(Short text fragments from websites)
__________________________________________________
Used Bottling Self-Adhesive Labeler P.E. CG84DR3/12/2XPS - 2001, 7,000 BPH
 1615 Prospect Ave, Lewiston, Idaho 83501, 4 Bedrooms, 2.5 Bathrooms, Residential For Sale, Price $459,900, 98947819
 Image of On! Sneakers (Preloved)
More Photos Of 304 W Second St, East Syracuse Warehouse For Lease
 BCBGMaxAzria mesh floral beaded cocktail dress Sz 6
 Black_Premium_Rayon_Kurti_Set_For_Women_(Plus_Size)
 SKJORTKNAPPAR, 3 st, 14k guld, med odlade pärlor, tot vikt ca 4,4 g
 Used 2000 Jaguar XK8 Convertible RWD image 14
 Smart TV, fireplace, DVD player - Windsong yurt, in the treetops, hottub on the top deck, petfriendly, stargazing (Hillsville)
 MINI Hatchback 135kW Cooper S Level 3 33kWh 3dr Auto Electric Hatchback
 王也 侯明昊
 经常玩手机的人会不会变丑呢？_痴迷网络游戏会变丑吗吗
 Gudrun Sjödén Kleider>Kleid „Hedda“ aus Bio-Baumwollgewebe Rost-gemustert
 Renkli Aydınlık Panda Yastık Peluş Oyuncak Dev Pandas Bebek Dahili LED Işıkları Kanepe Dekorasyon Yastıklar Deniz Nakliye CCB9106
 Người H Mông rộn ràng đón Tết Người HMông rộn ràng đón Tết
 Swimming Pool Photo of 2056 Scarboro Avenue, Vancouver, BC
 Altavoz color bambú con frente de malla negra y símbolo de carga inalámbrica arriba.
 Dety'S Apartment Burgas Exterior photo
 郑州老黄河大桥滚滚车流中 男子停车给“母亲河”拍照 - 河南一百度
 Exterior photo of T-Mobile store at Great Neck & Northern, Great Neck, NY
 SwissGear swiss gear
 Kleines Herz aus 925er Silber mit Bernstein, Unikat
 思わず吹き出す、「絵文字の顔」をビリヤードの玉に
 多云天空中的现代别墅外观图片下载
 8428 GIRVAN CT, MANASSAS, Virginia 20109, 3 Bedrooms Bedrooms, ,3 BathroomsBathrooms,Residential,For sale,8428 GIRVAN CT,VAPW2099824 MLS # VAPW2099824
__________________________________________________
• Exercise instructions: Every line from the one with "Renkli Aydınlık Panda" to the end of the records above should be returned exactly, and no other lines.

• Output of the exercise:
 Renkli Aydınlık Panda Yastık Peluş Oyuncak Dev Pandas Bebek Dahili LED Işıkları Kanepe Dekorasyon Yastıklar Deniz Nakliye CCB9106
 Người H Mông rộn ràng đón Tết Người HMông rộn ràng đón Tết
 Swimming Pool Photo of 2056 Scarboro Avenue, Vancouver, BC
 Altavoz color bambú con frente de malla negra y símbolo de carga inalámbrica arriba.
 Dety'S Apartment Burgas Exterior photo
 郑州老黄河大桥滚滚车流中 男子停车给“母亲河”拍照 - 河南一百度
 Exterior photo of T-Mobile store at Great Neck & Northern, Great Neck, NY
 SwissGear swiss gear
 Kleines Herz aus 925er Silber mit Bernstein, Unikat
 思わず吹き出す、「絵文字の顔」をビリヤードの玉に
 多云天空中的现代别墅外观图片下载
 8428 GIRVAN CT, MANASSAS, Virginia 20109, 3 Bedrooms Bedrooms, ,3 BathroomsBathrooms,Residential,For sale,8428 GIRVAN CT,VAPW2099824 MLS # VAPW2099824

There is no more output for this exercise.